Die praktische Schwierigkeit für eine Finanzplanung besteht aber nun -sechstens- darin, dass erst im darauffolgenden Jahr das Geld für das vergangene Jahr festgesetzt wird. Für das Jahr 2013 wurden die staatlichen Mittel eben erst im Februar 2014 festgesetzt. Auf die Unterscheidung zwischen Länder- und Bundesanteil will ich hier nicht weiter eingehen. Nur soviel, der Länderanteil richtet sich nach den jeweiligen absoluten Stimmen bei Landtagswahlen. Die Auszahlung der Gelder findet in vierteljährlichen Abschlagszahlungen statt. Die Festsetzung der Gelder erst im darauffolgenden Jahr kann natürlich dazu führen, das eine Partei -soweit sie schon in der Parteienfinanzierung war- im Jahr 2013 mehr Geld bekommen hat, als ihr eigentlich zugestanden hätte. Ich mache das mal wieder an einem Beispiel deutlich: DIE LINKE hat eigentlich einen Anspruch für das Jahr 2013 in Höhe von insgesamt 11.142.415,75 EUR, davon hier relevant ist der Bundesanteil in Höhe von 9.880.205,00 EUR. Tatsächlich hat sie aber im Jahr 2013  eine Abschlagszahlung für den Bundesanteil in Höhe von 10.483.204,12 EUR erhalten. Das ist eine Überzahlung von von 602.999,12 EUR. Die der Partei DIE LINKE tatsächlich als Bundesanteil im Jahr 2013 zustehenden Mittel werden ihr im Jahr 2014 abzüglich der Überzahlung in Höhe von 602.999,12 EUR ausgezahlt. Die im Finanzplan 2014 geschätzten 9,6 Mio. EUR an Einnahmen 2014 aus staatlichen Mitteln für 2013 waren zwar niedriger angesetzt als der eigentliche 2014er-Anspruch,  tatsächlich steht der aber der LINKEN nicht in voller Höhe zur Verfügung sondern lediglich 9.277.205,88 EUR. Schließlich muss ja die Überzahlung aus 2013 ausgeglichen werden.
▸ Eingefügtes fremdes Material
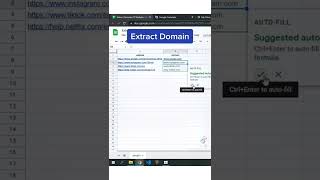 [Google Sheets Tips]extract domain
Alles in allem finde ich das System der staatlichen Parteienfinanzierung ziemlich ausgewogen. Wer eine staatliche Parteienfinanzierung unabhängig von eigenen Einnahmen der Parteien fordert, der verdrängt, dass es Aufgabe der Parteien nach Artikel 21 GG ist an der Willensbildung mitzuwirken. Dies umfasst aber mehr als die Beteiligung an Wahlen und deshalb braucht es neben den absoluten Wähler/innen-Stimmen weitere Berechnungsgrößen für die Verteilung der Gelder. Das dies die Mitglieder und ihre Beiträge sowie Spenden natürlicher Personen bis 3.300 EUR sind, scheint mir sinnvoll zu sein. Wer auf eine staatliche Parteienfinanzierung komplett verzichten will, der verkennt, das Parteien dann nur an der Willensbildung mitwirken können, wenn sie Spenden von juristischen Personen und zahlungskräftigen Mitgliedern bekommen. Das kann aber auch nicht gewollt sein. 
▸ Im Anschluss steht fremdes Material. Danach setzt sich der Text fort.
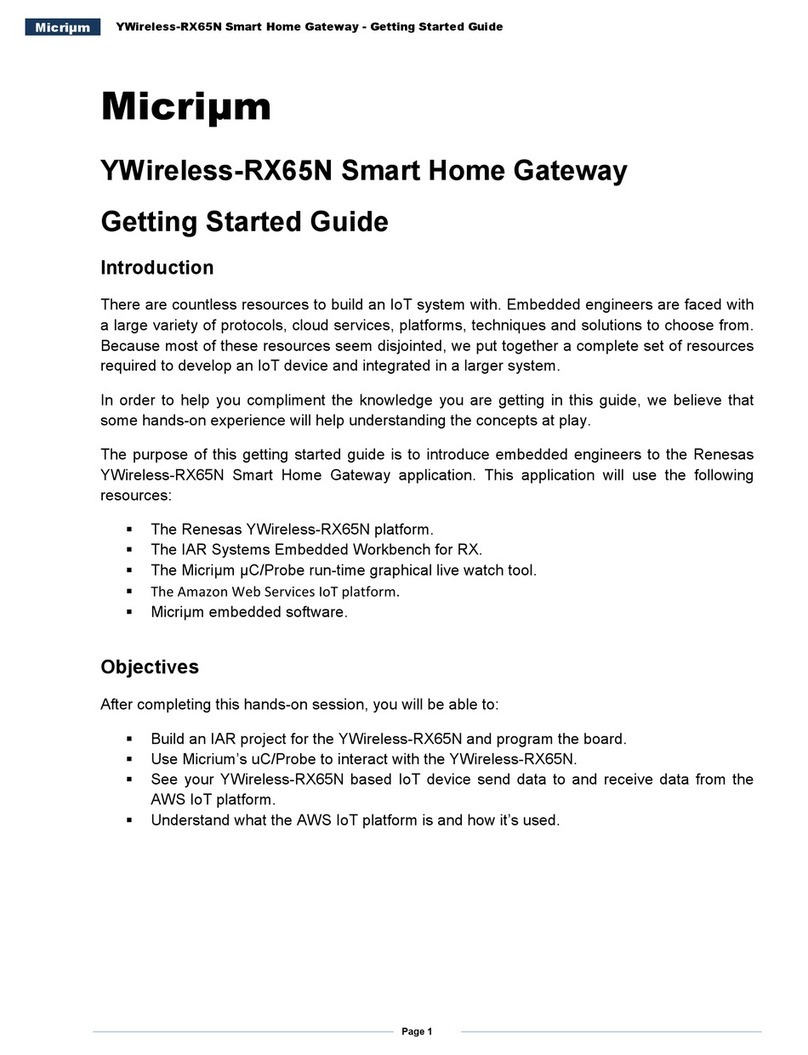 MICRIUM YWireless-RX65N Getting started guide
5 Replies to “Wie funktioniert eigentlich”

  1. Ein Grund/Sechs Gründe mehr sich für Spenden juristischer Personen zu öffnen.

  2. das sehe ich anders.
    erstens helfen die spenden juristischer personen nur bedingt. sie sind zwar für die relative obergrenze relevant, aber eben nicht für den auszahlungsbetrag.
    zweitens sind spenden juristischer personen ja etwas, was die juristische person über das notwendige zur aufrechterhaltung des betriebes hinaus erwirtschaftet. der/die chef/in entscheidet also, an wen der von den arbeitnehmer/innen erarbeitete mehrwert geht. ich fände es jedenfalls nicht gut, wenn mein erarbeiteter mehrwert vom chef/der chefin dann an die afd um ein beispiel zu nennen weitergereicht wird.
    drittens soll die bevölkerung auf die willensbildung des volkes einfluss nehmen und deshalb dürfen in parteien nur natürliche personen sein. wenn diese aufgabe durch juristische personen übernommen wird, weil sie parteien finanziell unterstützen wird den juristischen personen ein einfluss zugebilligt, den ich nicht will. zumal es nicht ausgeschlossen ist, das die spenden nur fließen wenn eine politik im interesse der juristischen personen gemacht wird. wer spenden juristischer personen will, der sollte nicht jammern, das die wirtschaft zuviel einfluss auf die politik hat 🙂

  3. Ich werde mal nachsichtig sein, denn aus deiner Biografie geht ja nicht hervor, dass du mal bei einem nach Gewinn strebenden Unternehmen gearbeitet hast. Als Arbeitnehmer hast du keinen Einfluss darauf, wie der von dir erarbeitete Mehrwert eingesetzt wird. Ob dein/e Chef/in (oder deren/dessen Chef/in etc.) sich mehr in die eigene Tasche steckt, das Geld an Wohltätigkeitsorganisationen oder Parteien spendet, zurücklegt oder es z.B. in Maßnahmen zur Kundengewinnung investiert, statt dir und deinen Kollegen mehr Kohle zu zahlen … als Arbeitnehmer haste diese Entscheidungen hinzunehmen (oder eben nicht, dann kündigste und beantragst ALG in der Hoffnung schnell einen neuen Job zu bekommen). That’s it.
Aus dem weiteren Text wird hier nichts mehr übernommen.